**Directions:** Your answer should be the full data, transcribed exactly, with no pictures in it.

**Provided material:**
______

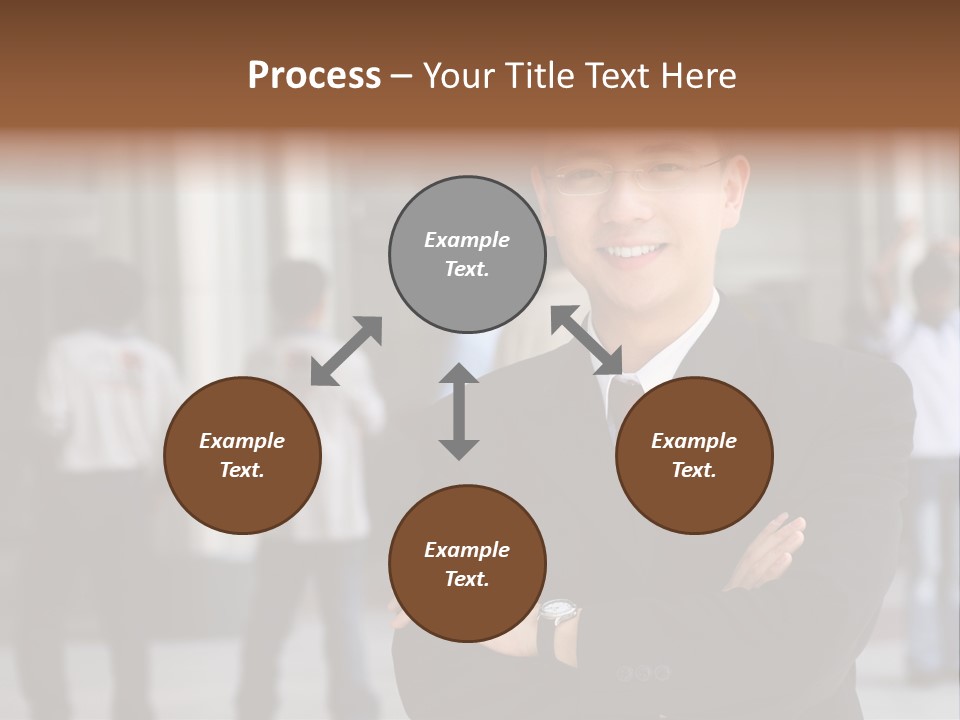 Good Looking Asian Business Man Standing With Arms Folded. PowerPoint Template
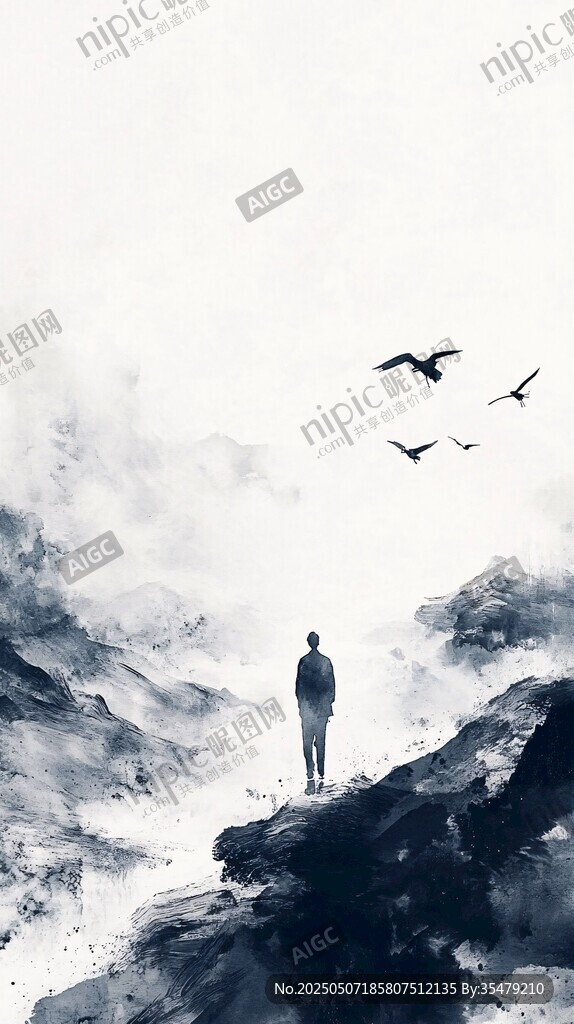 孤身立山巅 飞鸟伴云间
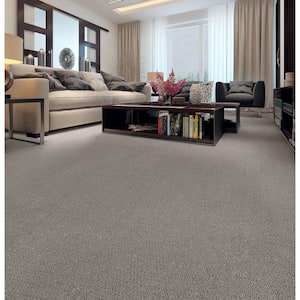 Poppy Color Grey Cloud Gray 42 oz. SD Polyester Pattern Installed Carpet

______

**Expected answer:**
 Good Looking Asian Business Man Standing With Arms Folded. PowerPoint Template
 孤身立山巅 飞鸟伴云间
 Poppy Color Grey Cloud Gray 42 oz. SD Polyester Pattern Installed Carpet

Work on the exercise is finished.